Women’s earnings in relation to men’s earnings

These figures were taken from the Structure of Earnings statistics published by Statistics Finland. Miettinen digs even deeper for older statistics. In 2006, the total earnings of women were approximately 79 per cent of men’s earnings.

This gender pay gap will continue to be a burden for today's wage and salary earners long into the future. Lower pay means a lower pension as well.

The gender pay gap varies by professional groupings and employer sectors. The gap is the least among senior specialists working for the State. In this group, women earn approximately 95 per cent of what men earn.

“The State has stepped up in terms of gender pay equality. Statistically, the greatest pay gap is found among directors in the municipal sector,” states Miettinen.

According to statistics, female directors employed by the State earn more than men, but there is a certain bias in the figures. Military officers are classified as higher civil servants. They earn less than other directors, and the majority of military officers are men.

The statistics of Statistics Finland contain no information about the earnings of directors or executives in the private sector. This means that the statistics are missing earnings information for about twenty thousand directors or executives. If earnings information for upper management in companies were to be included, it would likely amplify the gender gap. A study was carried out in Sweden that showed a difference of 27 per cent between the earnings of male and female directors within the private sector.

Career paths make a difference

Miettinen states that the gender pay gap is also affected by the type of careers that the different genders gravitate towards. Men typically choose professions with higher pay levels. Similarly, the pay gap is affected by the different career paths taken. Women stay for longer periods at home taking care of their families, and men are more often found in higher-paying managerial positions. Additionally, overtime compensation and result-based bonuses further increase the pay gap.

“This doesn’t explain everything, however, and there remains an unexplained difference in the earnings. When we compare the earnings of men and women employed in the same types of jobs, the women’s earnings are still lower than those of men,” explains Miettinen.

He says that Akava affiliates, such as TEK (Academic Engineers and Architects in Finland) and Finnish Business School Graduates, have surveyed the unexplained pay gap.
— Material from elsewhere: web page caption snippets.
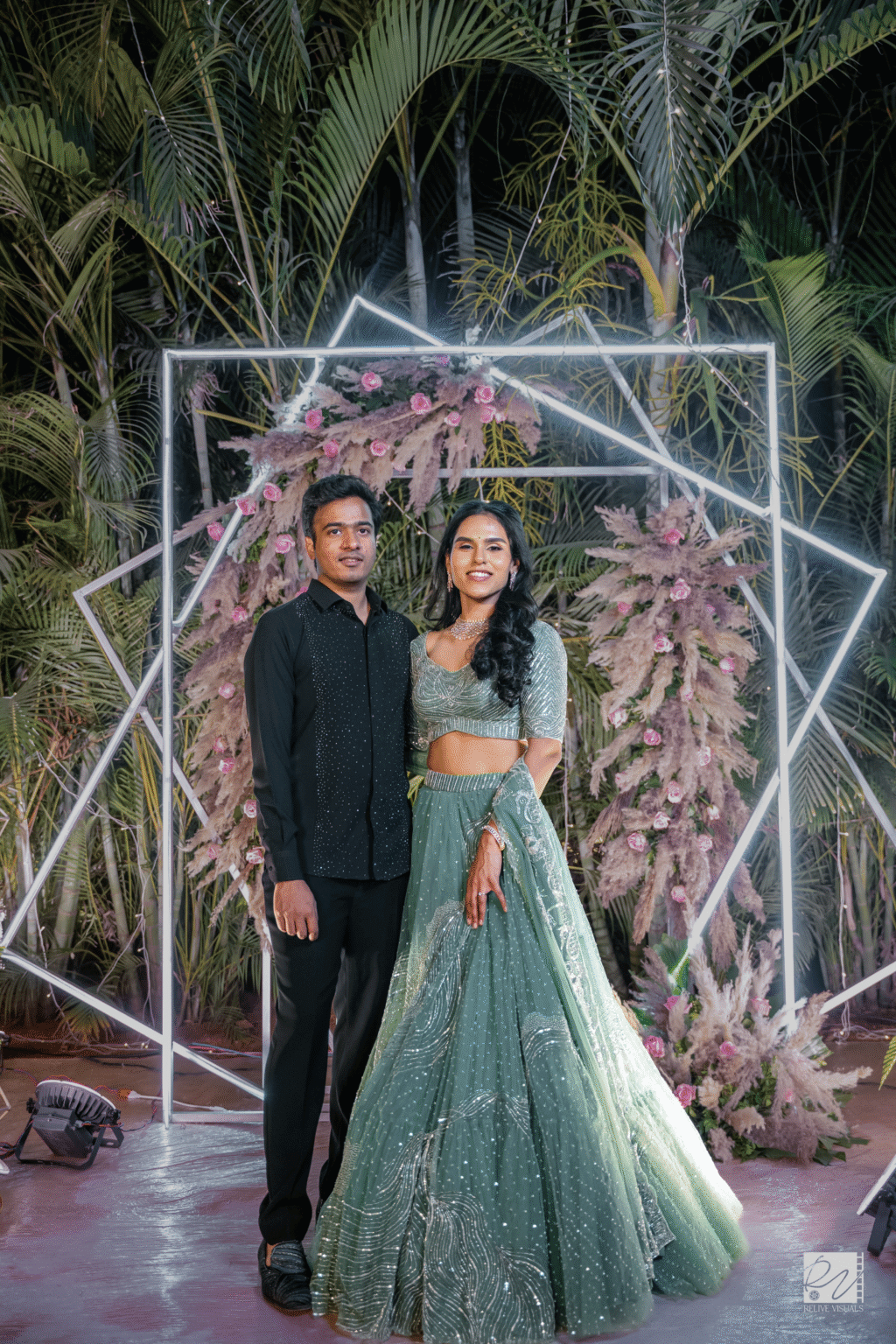 Couple standing together in front of elegant wedding decorations, smiling and posing for a photo.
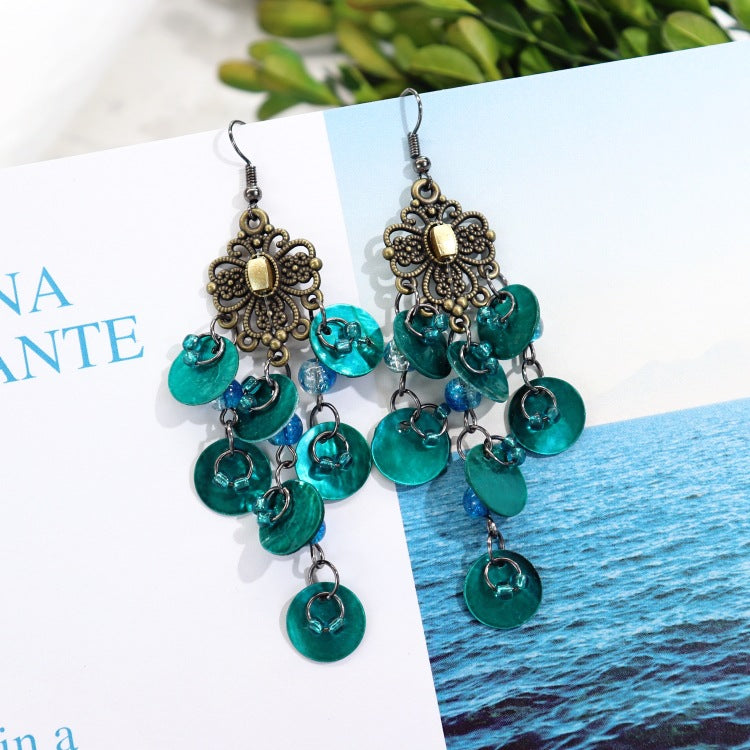 Elegant mother-of-pearl earrings on model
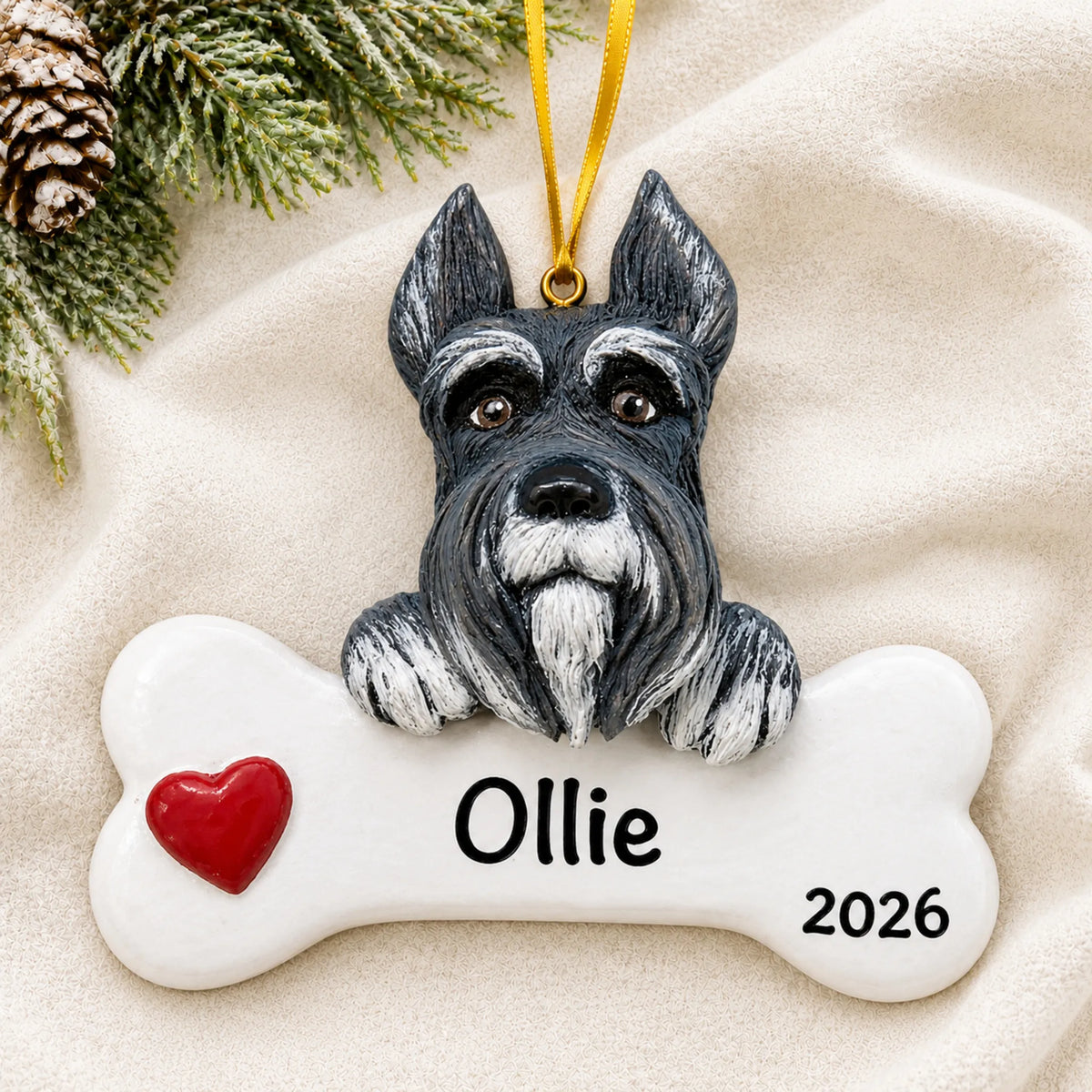 Personalized schnauzer dog bone Christmas ornament resting on a soft white blanket with pine and pinecones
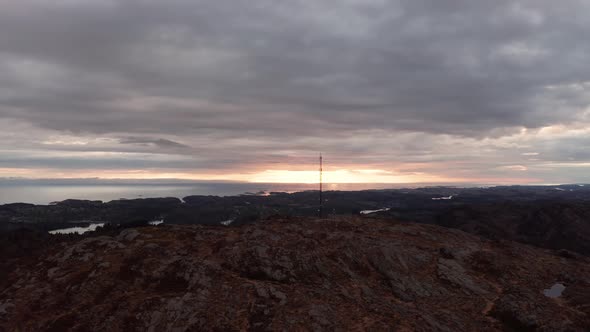 Tele-communication mast at Norwegian mountain peak in front of cloudy sunset at dawn - Late night as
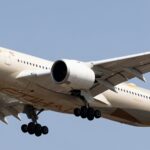 Etihad Airways' Airbus A350-1041 in the air with its landing gear extended.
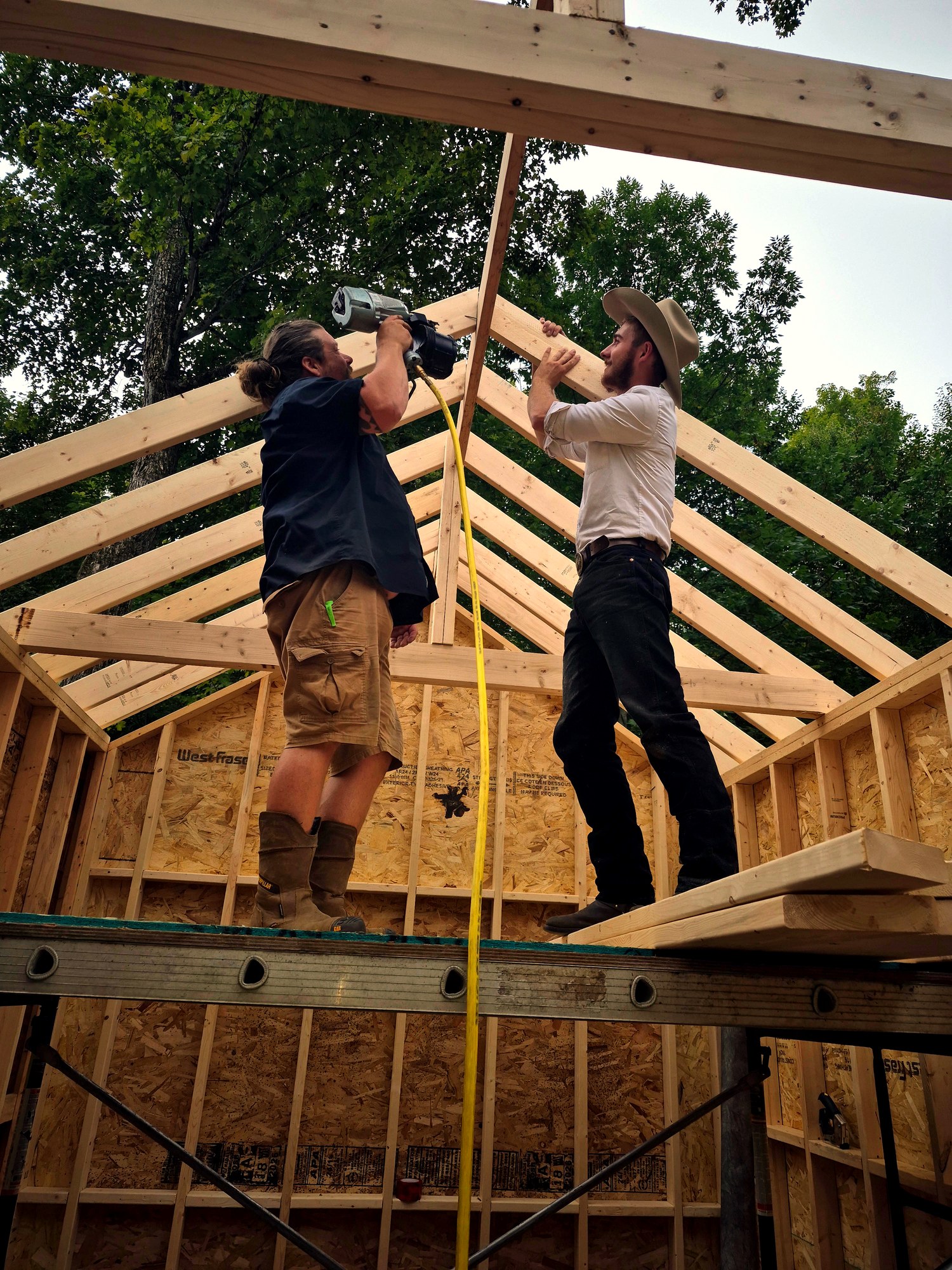 Two men framing a wooden roof structure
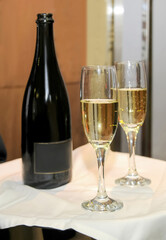 Close up view of a crystal glass with champagne near another full glass and a bottle of champagne on a tray.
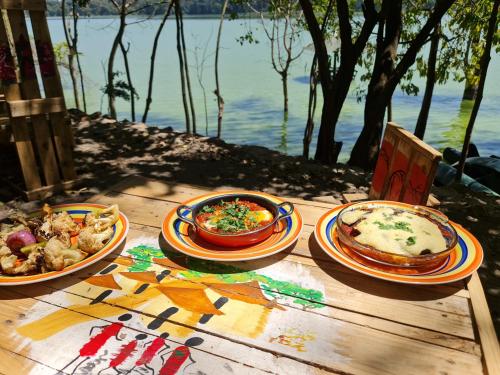 a wooden table with plates of food on it at Holiday cottage by the river, Arusha in Arusha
The unexplained portion of the pay gap for Finnish Business Scholl Graduates was 11 per cent in the private sector and 4 per cent in State employment. The gap was lower among the TEK members, at about 5 per cent.

Employers have an obligation

Tarja Arkio, Senior Adviser at Akava specialising in working life issues, says that the unexplained pay gap is largely attributable to the attitudes and unawareness of employers.

“According to law, employers are obligated to pay the same wages for the same work and work of equal value, but some of the employers are apparently unaware of this fact. Employers are also responsible for conducting statutory pay surveys, which would expose differences in earnings.”

Arkio states that gender pay equality is an advantage for companies. According to research, equality in wages improves a company’s result. In Finland, for example, a study conducted by Aalto University showed that equal and justified treatment in terms of salary and wage determination improves pay satisfaction. It also increases employees' commitment to the organisation and creates a more positive atmosphere.

Arkio recognises that the process to diminish the pay gap is slow. In Finland, professions are highly gendered. In a study on the EU level, Finland has a relatively high number of fields dominated by men or women in comparison to other EU countries.

“Men do not transfer to women’s fields, but women have entered male-dominated fields," Arkio says.

After World War II, Finland had high success in exports, and men were employed in industry, transport and building. When the private and public service sector began to grow, it employed mainly women.

“This division has seen little change over the past decades," Arkio states.